Как общее эмблематическое обозначение любви Э. получил разнообразные отражения в мифологии, искусстве, философии и психологии (главным образом в психоанализе). 1). Согласно распространенной древнегреческой мифологической версии Эрос считался одним из древнейших богов, некой самовозникшей первозданной созидательной силой, которая наряду с Хаосом, Геей и Тартаром была одной из четырех космогонических первоначал. (Позднее Э. признавался сыном Зевса и Афродиты и т. д.).
<…>
Один из распространенных мифологических сюжетов утверждал, что Эрос был тайным любовником и впоследствии мужем Психеи (души). В многочисленных и разнообразных мифах повествовалось о могуществе Э., которому не могут противостоять ни люди, ни боги. Эросу как богу любви, дружбы и весны иногда приписывали господство над всей природой. <…> 2). Эрос постоянно изображался во всех видах и жанрах искусства древнего мира (Гесиод, Аристофан, Пракситель, Лисипп, Апулей и мн. др.) и всех последующих эпох. <…>
Наиболее мощное представление об Э. как персонификации жизненной силы и сексуальности, оказавшее влияние на всю последующую культурную традицию, создал Платон. В его философии тиран Э. возглавляет все человеческие желания и ведет их за собой как телохранителей».

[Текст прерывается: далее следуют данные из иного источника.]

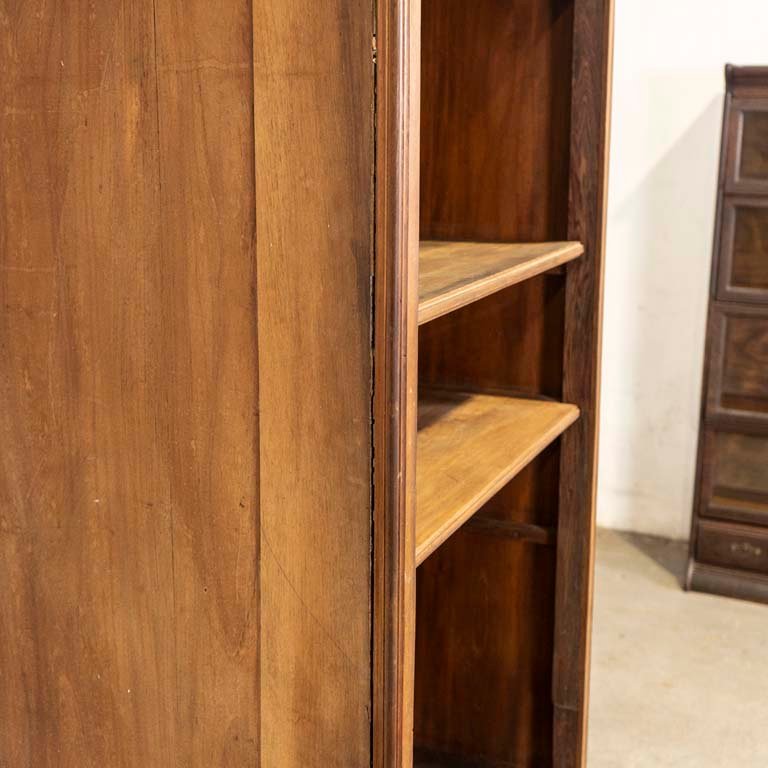 Estante de madera con detalles y molduras verticales - imagen 2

В романе Мердок чрезвычайно много упоминаний Фрейдиской теории, писательница и смеется над этим нещадно, и в то же время сама обращается к выдвинутым великим психоаналитиком символам. Главный герой, Бредли, всю свою жизнь освещает светом Черного Эрота: «Я не забывал, что скоро начну писать самую главную свою книгу. Я знал, что Черный Эрот, настигший меня, был единосущен иному, более тайному богу. Если я сумею держаться и молчать о своей любви, я буду вознагражден необычайной силой. Но сейчас нечего было и думать о том, чтобы писать. Я бы мог предать бумаге лишь неразбериху подсознания». Подсознание и сексуальность слиты, присоседилась к ним и смерть, и все это вместе ведет к двум важнейшим истинам жизни: Искусству и Любви. Мердок необычной структурой своего произведения (сначала – исповедь героя, потом – уличение его во лжи другими персонажами) словно испытывает саму себя: смогла ли она силой своего творчества убедить читателя в том, что правда все же – за Бредли?

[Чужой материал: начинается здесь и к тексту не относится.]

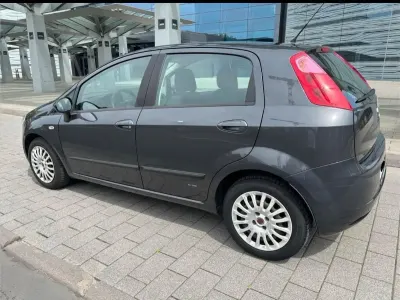 Gebraucht Fiat Punto 75 PS (55 kW) 2008 Grau Kleinwagen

Гамлет в «Черном принце» тоже связан с фрейдизмом, но уже однозначно иронически. Не удержусь, вставлю отрывок:
«— Дело в том, что Гамлет — это Шекспир.
— А Лир, и Макбет, и Отелло?..
— Не Шекспир.
— Брэдли, Шекспир был гомосексуален?
— Конечно.
— А-а, понимаю. Значит, на самом деле Гамлет был влюблен в Горацио и…
— Помолчи минутку. В посредственных произведениях главный герой — это всегда автор.
<…>В «Гамлете» Шекспир особенно откровенен, откровеннее даже, чем в сонетах. Ненавидел ли Шекспир своего отца? Конечно. Питал ли он запретную любовь к матери? Конечно. Но это лишь азы того, что он рассказывает нам о себе. Как отваживается он на такие признания? Почему на голову его не обрушивается кара настолько же более изощренная, чем кара простых писателей, насколько бог, которому он поклоняется, изощреннее их богов? Он совершил величайший творческий подвиг, создал книгу, бесконечно думающую о себе, не между прочим, а по существу, конструкцию из слов, как сто китайских шаров один в другом, высотою с Вавилонскую башню, размышление на тему о бездонной текучести рассудка и об искупительной роли слов в жизни тех, кто на самом деле не имеет собственного «я», то есть в жизни людей. 
Кадр со спектакля Р.Козака "Черный принц" (2002) (Оксана Мысина и Александр Феклистов)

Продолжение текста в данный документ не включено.